New fossils shed light on how snakes got their bite and lost their legs
New fossils of an ancient legged snake, called Najash, shed light on the origin of the slithering reptiles.
The fossil discoveries published in Science Advances have revealed they possessed hind legs during the first 70 million years of their evolution.
They also provide details about how the flexible skull of snakes evolved from their lizard ancestors.
The evolution of the snake body has captivated researchers for a long time—representing one of the most dramatic examples of the vertebrate body's ability to adapt—but a limited fossil record has obscured our understanding of their early evolution until now.
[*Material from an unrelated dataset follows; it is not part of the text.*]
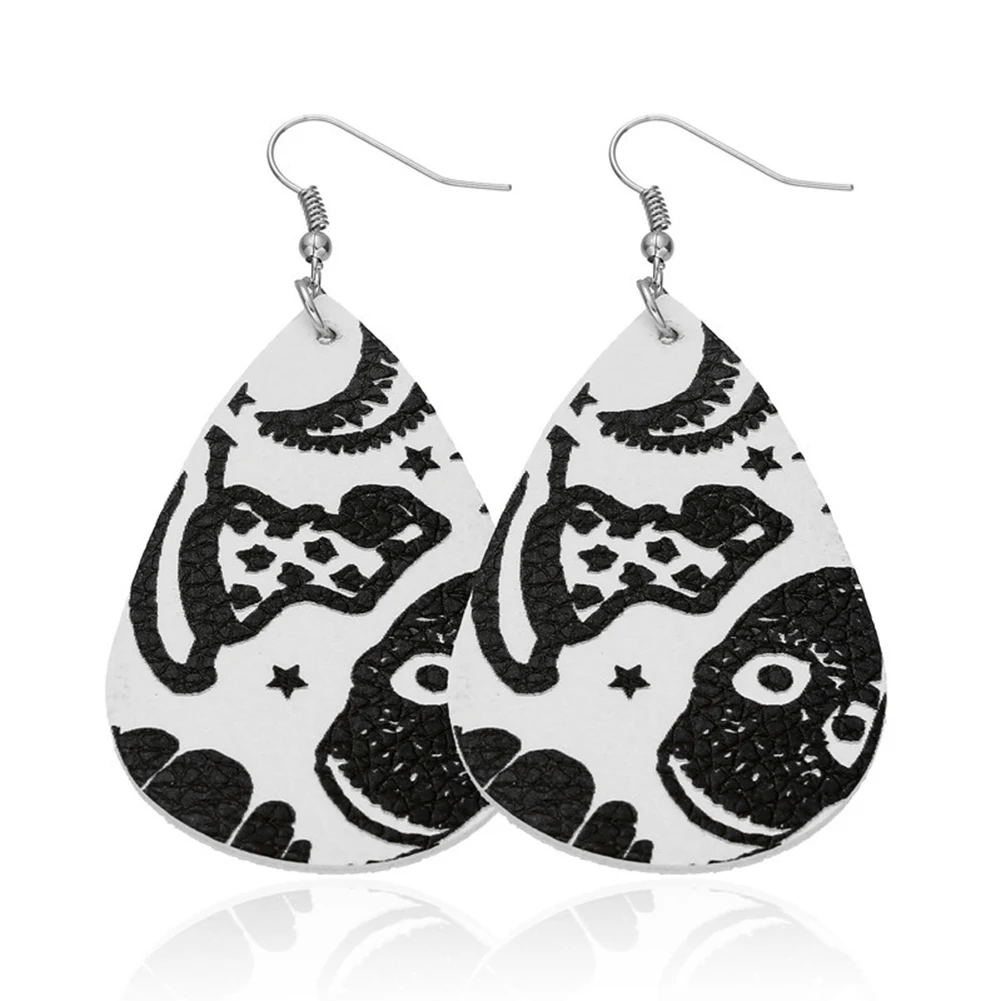 

New Hot Teardrop Faux Leather Dangle Earrings Gift Halloween Costume Party Decor Teardrop Faux Leather Dangle Earrings Gift Set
Dr. Alessandro Palci, from Flinders University, was part of the international research team that performed high-resolution (CT) scanning and light microscopy of the preserved skulls of Najash to reveal substantial new anatomical data on the early evolution of snakes.
"Snakes are famously legless, but then so are many lizards. What truly sets snakes apart is their highly mobile skull, which allows them to swallow large prey items. For a long time we have been lacking detailed information about the transition from the relatively rigid skull of a lizard to the super flexible skull of snakes".
"Najash has the most complete, three-dimensionally preserved skull of any ancient snake, and this is providing an amazing amount of new information on how the head of snakes evolved. It has some, but not all of the flexible joints found in the skull of modern snakes. Its middle ear is intermediate between that of lizards and living snakes, and unlike all living snakes it retains a well-developed cheekbone, which again is reminiscent of that of lizards."
Flinders University and South Australian Museum researcher Professor Mike Lee, was also part of the study, and adds "Najash shows how snakes evolved from lizards in incremental evolutionary steps, just like Darwin predicted."
"These primitive snakes with little legs weren't just a transient evolutionary stage on the way to something better. Rather, they had a highly successful body plan that persisted across many millions of years, and diversified into a range of terrestrial, burowing and aquatic niches," says Professor Lee.